Kamis, Desember 20, 2007

Orang rumah

Dari metodologi penelitian sederhana yang saya lakukan melalui observasi, wawancara, eksperimen, ditambah experience, diperoleh kesimpulan tiga penyebab utama mengapa pembantu rumah tangga dan atau sopir keluar atau mengundurkan diri dalam waktu singkat, alias tidak betah.

Penyebab pertama adalah majikan cerewet. Mendengar kata 'cerewet', ini tidak usah didefinisikan menurut Kamus Besar Bahasa Indonesia.

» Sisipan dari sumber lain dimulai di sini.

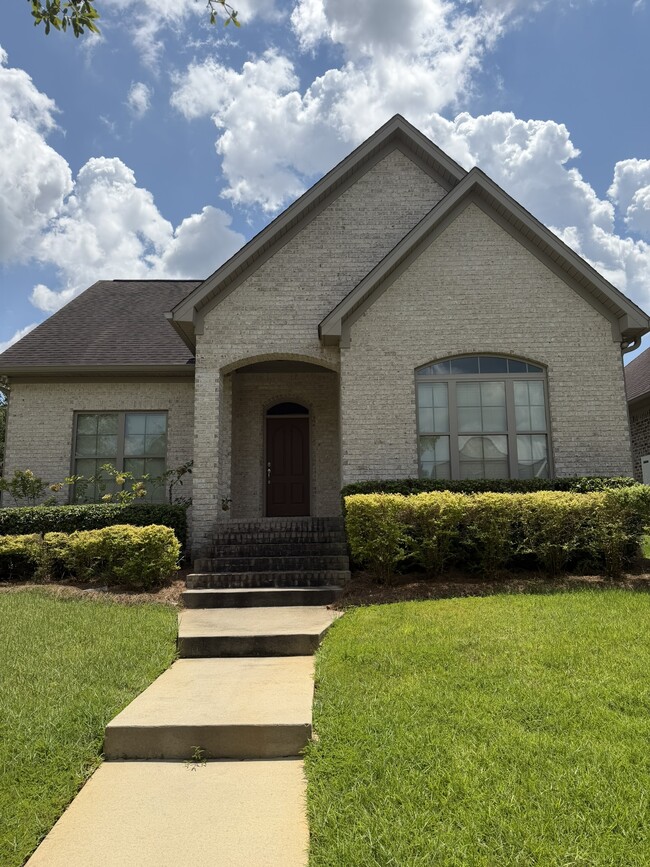 Building Photo - 201 Kelso Ln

Kita definisikan secara liar saja, yaitu perintah atau bicara dengan topik berulang-ulang, atau memberi komentar atas sesuatu yang tidak perlu atau sudah tidak perlu diberi komentar lagi. Lalu bagaimana kalau sudah diberitahu berkali-kali tapi pembantu tetap tidak bisa ? Itu berarti kita perlu kreatif mencari cara lain untuk membuat mereka tertantang untuk mau bisa dan menjadi bisa.

Penyebab kedua adalah pembantu atau sopir tidak diberi kesempatan berprestasi dan berkembang kompetensinya. Kalau pekerjaannya dianggap oleh majikan belum memenuhi harapan, yang terjadi adalah majikan langsung kudeta dan mengerjakan sendiri pekerjaan pembantu tadi (tanpa kehadiran sang pembantu), atau dimarahi, dihakimi, dikomentari, diomeli, tapi tidak diberi petunjuk atau contoh atau demo cara dan hasil yang diharapkan.

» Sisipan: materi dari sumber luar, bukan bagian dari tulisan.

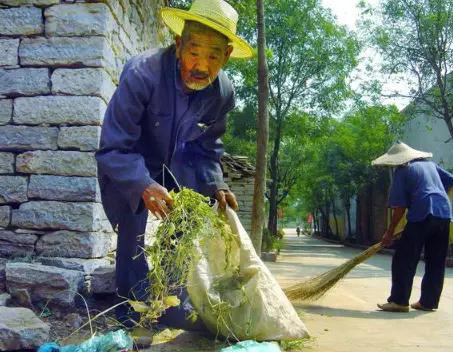 儿子看到父亲回家感动,儿子看到爸爸回来了哭了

Lalu, kalau pembantu atau sopir berbuat kesalahan, kalimat yang muncul pertama kali dari majikan adalah 'kok' ditambah 'sih'. 'Kok' setrikaannya nggak rapih begitu sih ? Apalagi waktu mengucapkannya disertai ekspresi menyalahkan. Lalu bagaimana sebaiknya ? Sebaiknya nyatakan kinerja dia menurut harapan kita, misalnya 'baju ini masih kusut'. Jangan berhenti sampai di situ. Beritahu apa yang perlu dia lakukan. "tolong diperhalus lagi ya ...". Kalau masih belum halus juga, tunjukkan cara mengerjakannya. Kalau hasil pekerjaan sesuai dengan harapan, akui dan beri penghargaan dengan mengucapkan, "Ya, ini sudah halus. Bagus sekali. Nanti kalau menyeterika seperti ini ya ... Makasih ya ..".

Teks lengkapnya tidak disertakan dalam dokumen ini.